Prominent Twin Cities attorney Michael Padden disbarred over harm to clients

The Minnesota Supreme Court ruled that acts of misconduct were not isolated or owing to a lapse in judgment.

The Minnesota Star Tribune
August 14, 2024 at 10:18PM
Attorney Michael Padden, left, patted his client Dan Rassier at a press conference at the Marriott Northwest Hotel in Brooklyn Park on Nov. 22, 2016.
Attorney Michael Padden, left, patted his client Dan Rassier at a 2016 press conference in Brooklyn Park. (Star Tribune/The Minnesota Star Tribune)

Michael Padden, a prominent Twin Cities attorney for several clients who alleged police misconduct, was disbarred Wednesday by the Minnesota Supreme Court for misappropriating client funds, failing to return unearned fees, failing to appear at hearings involving client matters and violating rules of professional conduct.

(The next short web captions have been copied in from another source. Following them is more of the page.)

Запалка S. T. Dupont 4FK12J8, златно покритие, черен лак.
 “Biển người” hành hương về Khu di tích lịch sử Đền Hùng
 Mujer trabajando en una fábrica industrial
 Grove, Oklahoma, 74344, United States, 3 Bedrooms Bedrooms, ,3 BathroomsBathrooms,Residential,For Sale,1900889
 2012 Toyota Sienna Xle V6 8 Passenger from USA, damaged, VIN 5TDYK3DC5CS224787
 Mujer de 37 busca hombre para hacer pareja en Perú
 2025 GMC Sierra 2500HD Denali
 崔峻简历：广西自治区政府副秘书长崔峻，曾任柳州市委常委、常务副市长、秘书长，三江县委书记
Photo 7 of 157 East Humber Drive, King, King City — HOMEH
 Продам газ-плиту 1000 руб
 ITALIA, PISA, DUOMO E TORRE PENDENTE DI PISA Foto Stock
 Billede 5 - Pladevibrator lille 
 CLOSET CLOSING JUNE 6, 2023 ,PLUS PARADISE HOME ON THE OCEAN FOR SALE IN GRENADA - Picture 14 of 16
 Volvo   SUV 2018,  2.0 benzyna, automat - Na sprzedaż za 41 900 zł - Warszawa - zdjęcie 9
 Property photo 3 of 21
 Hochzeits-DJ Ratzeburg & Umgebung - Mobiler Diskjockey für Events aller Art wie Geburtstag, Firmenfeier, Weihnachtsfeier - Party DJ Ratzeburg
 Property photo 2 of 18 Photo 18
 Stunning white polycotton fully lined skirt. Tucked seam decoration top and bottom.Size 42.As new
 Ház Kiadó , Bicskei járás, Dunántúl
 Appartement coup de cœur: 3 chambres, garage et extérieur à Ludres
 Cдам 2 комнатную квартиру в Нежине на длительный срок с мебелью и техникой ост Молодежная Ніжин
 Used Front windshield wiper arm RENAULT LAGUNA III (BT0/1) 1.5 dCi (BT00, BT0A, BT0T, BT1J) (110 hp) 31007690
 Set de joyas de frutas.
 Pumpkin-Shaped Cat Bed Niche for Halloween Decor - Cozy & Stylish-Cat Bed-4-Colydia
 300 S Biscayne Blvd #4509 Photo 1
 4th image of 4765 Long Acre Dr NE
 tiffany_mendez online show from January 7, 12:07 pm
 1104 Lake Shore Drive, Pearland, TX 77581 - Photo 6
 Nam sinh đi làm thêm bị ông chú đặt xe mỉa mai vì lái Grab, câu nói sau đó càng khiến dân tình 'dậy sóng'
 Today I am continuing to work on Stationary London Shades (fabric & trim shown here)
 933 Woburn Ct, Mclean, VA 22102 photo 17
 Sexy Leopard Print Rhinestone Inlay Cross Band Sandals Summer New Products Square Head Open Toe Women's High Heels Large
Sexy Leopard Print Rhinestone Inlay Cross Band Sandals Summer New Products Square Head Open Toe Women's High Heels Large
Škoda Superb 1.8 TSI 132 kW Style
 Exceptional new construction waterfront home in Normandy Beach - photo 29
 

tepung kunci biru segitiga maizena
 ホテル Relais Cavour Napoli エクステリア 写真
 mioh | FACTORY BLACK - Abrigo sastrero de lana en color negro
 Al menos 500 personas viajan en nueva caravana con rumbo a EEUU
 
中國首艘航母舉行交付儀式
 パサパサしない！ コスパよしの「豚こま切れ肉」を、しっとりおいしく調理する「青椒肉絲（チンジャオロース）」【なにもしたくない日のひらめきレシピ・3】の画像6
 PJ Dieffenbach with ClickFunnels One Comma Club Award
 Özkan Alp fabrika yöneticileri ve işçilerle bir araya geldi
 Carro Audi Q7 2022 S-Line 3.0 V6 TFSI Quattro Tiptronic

Padden harmed seven clients, the high court said, citing the findings from the Minnesota Office of Lawyers Professional Responsibility and a subsequent recommendation from a court-appointed referee to have Padden disbarred.

“Most egregiously,” the high court said, Padden misappropriated $25,000 from a client who was undocumented. He also failed to return the unearned fees he retained in connection with two other clients.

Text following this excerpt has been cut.